Here is a minimal example of code I have (I've tried running the minimal example to make sure it reproduces the issue I'm seeing):
void testfn(void) {
printf("Hello, world!\n");
}
int main(int argc, char *argv[]) {
printf("fp: %p\n", &testfn);
return 0;
}
The output I get is fp: 0x0000000000000000, indicating that the function pointer I'm trying to print is 0. I've tried using the GCC __attribute__((noinline)) attribute on testfn() and I get the same result.
I am compiling for a RISC-V system and running in QEMU. I thought that perhaps the printf() implementation was buggy (though it looks good to me and other pointers print just fine), so I tried casting the function pointer to an unsigned 64-bit int and then looping that many iterations (I recognize this is technically UB, but usually works in practice and this is a dumb test), but the loop performs precisely 0 iterations:
void __attribute__((noinline)) testfn(void) {
printf("Hello, world!\n");
}
int main(int argc, char *argv[]) {
void (*fn)(void) = &testfn;
printf("Testing printf...\n");
printf("fp addr: %p\n", &fn);
fn();
for (int i = 0; i < (unsigned long long) fn; ++i) {
printf("Here!\n");
}
printf("fp: %p\n", fn);
return 0;
}
This produces the following output:
Testing printf...
fp addr: 0x0000000000003FA8
Hello, world!
fp: 0x0000000000000000
Here is the command being used for compilation: riscv64-unknown-elf-gcc -Wall -O0 -fno-omit-frame-pointer -ggdb -gdwarf-2 -MD -mcmodel=medany -ffreestanding -fno-common -nostdlib -mno-relax -I. -fno-stack-protector -fno-pie -no-pie -c -o user/rkttest.o user/rkttest.c
Here is the command I'm using to run QEMU; qemu-system-riscv64 -machine virt -bios none -kernel kernel/kernel -m 128M -smp 3 -nographic -global virtio-mmio.force-legacy=false -drive file=fs.img,if=none,format=raw,id=x0 -device virtio-blk-device,drive=x0,bus=virtio-mmio-bus.0.
It seems to me that the function pointer is always zero, except when I try to call it as a function.
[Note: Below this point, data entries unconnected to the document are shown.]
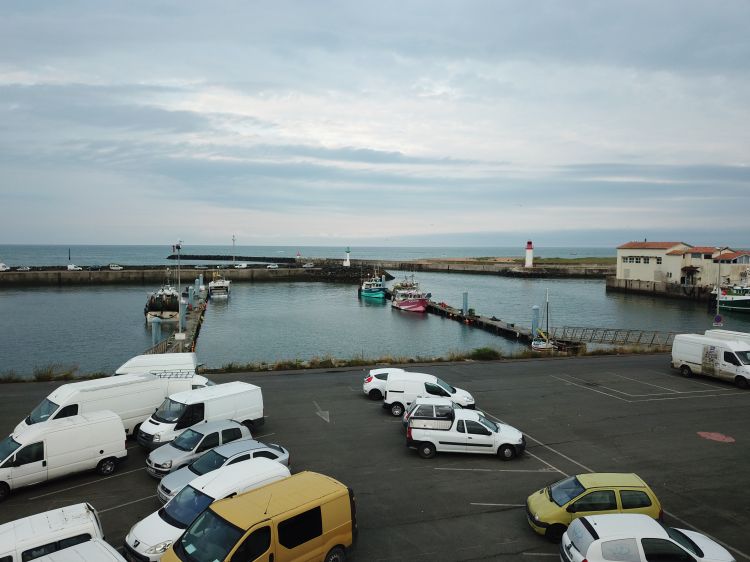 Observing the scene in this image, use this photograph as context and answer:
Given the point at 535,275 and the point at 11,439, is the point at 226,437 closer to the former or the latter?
the point at 11,439

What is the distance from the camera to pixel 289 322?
204 feet

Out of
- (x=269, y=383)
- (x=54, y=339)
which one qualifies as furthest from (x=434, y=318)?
(x=269, y=383)

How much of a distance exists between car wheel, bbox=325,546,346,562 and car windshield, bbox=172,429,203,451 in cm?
565

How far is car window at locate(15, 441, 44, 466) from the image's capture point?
12.0 m

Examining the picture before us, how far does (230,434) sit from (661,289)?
289 feet

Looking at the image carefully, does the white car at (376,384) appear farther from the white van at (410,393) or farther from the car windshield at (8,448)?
the car windshield at (8,448)

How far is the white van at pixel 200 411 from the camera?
14414 mm

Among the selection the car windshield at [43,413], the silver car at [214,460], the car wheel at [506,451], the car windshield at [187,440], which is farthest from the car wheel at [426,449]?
the car windshield at [43,413]

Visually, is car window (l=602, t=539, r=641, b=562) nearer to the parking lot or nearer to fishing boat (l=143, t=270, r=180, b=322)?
the parking lot

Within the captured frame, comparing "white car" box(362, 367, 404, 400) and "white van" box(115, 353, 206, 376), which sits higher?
"white van" box(115, 353, 206, 376)

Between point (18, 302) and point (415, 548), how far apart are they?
3343 inches

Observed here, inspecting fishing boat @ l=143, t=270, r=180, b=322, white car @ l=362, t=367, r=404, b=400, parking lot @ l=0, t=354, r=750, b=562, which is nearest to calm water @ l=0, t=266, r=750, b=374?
fishing boat @ l=143, t=270, r=180, b=322

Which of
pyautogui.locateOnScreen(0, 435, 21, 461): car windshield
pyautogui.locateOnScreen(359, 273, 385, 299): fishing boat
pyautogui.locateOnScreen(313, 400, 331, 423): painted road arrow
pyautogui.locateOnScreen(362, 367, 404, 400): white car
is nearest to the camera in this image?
pyautogui.locateOnScreen(0, 435, 21, 461): car windshield

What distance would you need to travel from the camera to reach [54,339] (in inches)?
1934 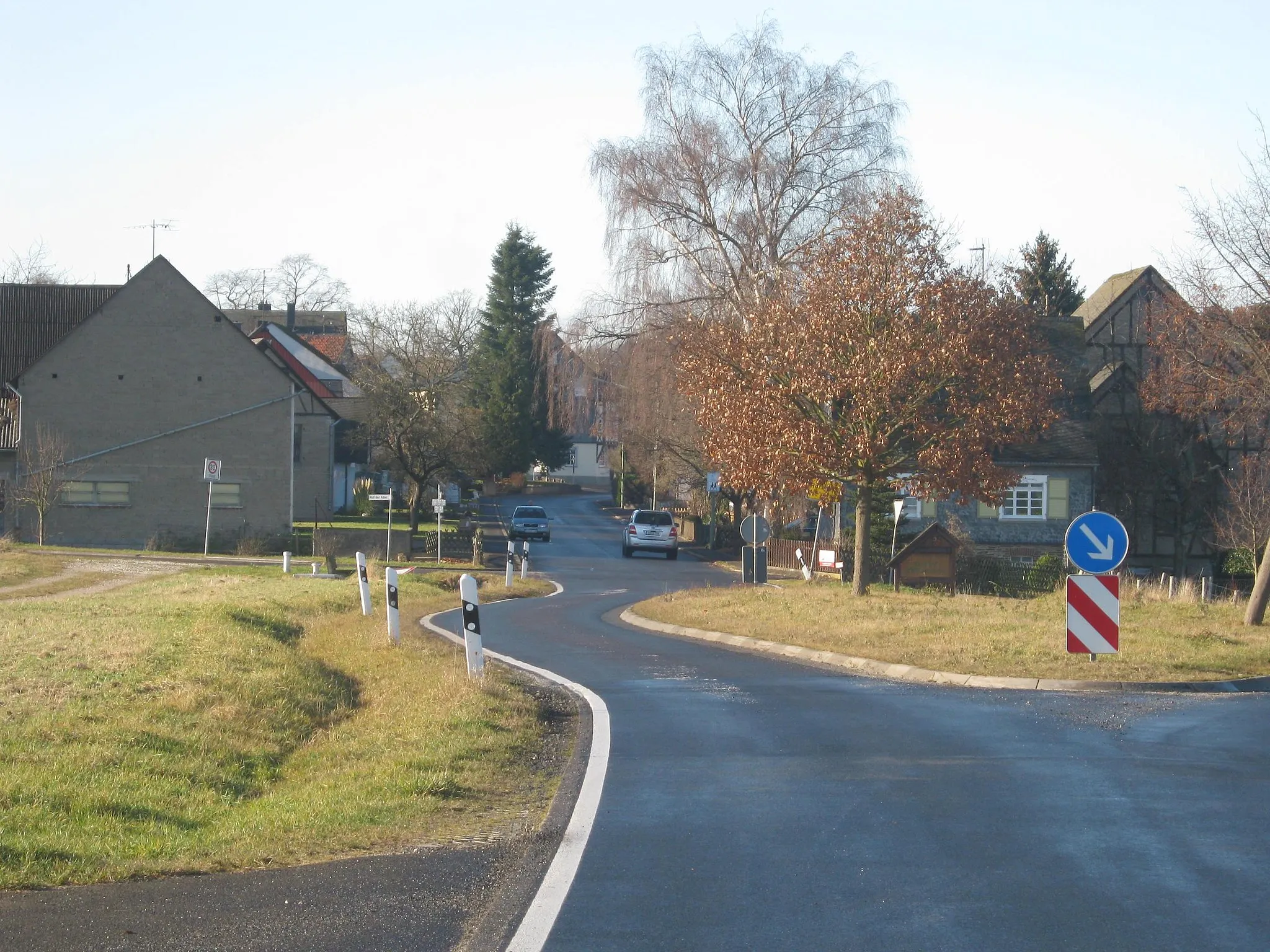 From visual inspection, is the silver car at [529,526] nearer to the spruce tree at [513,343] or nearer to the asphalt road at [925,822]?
the spruce tree at [513,343]

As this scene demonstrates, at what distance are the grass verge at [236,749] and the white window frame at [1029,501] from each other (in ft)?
107

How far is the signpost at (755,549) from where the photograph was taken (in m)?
29.5

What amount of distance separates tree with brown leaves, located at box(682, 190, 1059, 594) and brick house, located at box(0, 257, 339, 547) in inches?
1146

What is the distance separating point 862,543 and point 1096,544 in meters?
10.8

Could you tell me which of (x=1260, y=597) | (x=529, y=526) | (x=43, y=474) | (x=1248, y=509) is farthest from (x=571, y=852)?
(x=529, y=526)

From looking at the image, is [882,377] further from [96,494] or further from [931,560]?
[96,494]

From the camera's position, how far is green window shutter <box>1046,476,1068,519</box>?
46.6m

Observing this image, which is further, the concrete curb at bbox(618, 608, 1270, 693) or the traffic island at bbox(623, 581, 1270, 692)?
the traffic island at bbox(623, 581, 1270, 692)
This feels to me like a compiler bug or some weird thing happening in my environment, but I thought I'd throw it up here on Stack Overflow. Am I missing something?
It appears the system is literally placing the code section at address 0x0 and the compiler is putting the function at the beginning of the code section. This is a REALLY bad idea on part of the system. Nothing should be at address 0x0, ever.
The following code:
static void __attribute__((noinline)) testfn(void) {
printf("Hello, world!\n");
}
static void __attribute__((noinline)) testfn2(void) {
printf("Hello, world!\n");
}
int main(int argc, char *argv[]) {
printf("fp: %p\n", (void *) &testfn);
printf("fp: %p\n", (void *) &testfn2);
return 0;
}
produces the following output:
fp: 0x000000000000001A
fp: 0x0000000000000000
Oh boy. 🤦♂️
Edit: Okay, maybe saying "nothing should be at address 0x0, ever" isn't necessarily true (counterpoint: systems without virtual addressing). But for systems with virtual addressing, I still believe it is a really bad idea to map that page, if only to avoid issues arising from bad assumptions.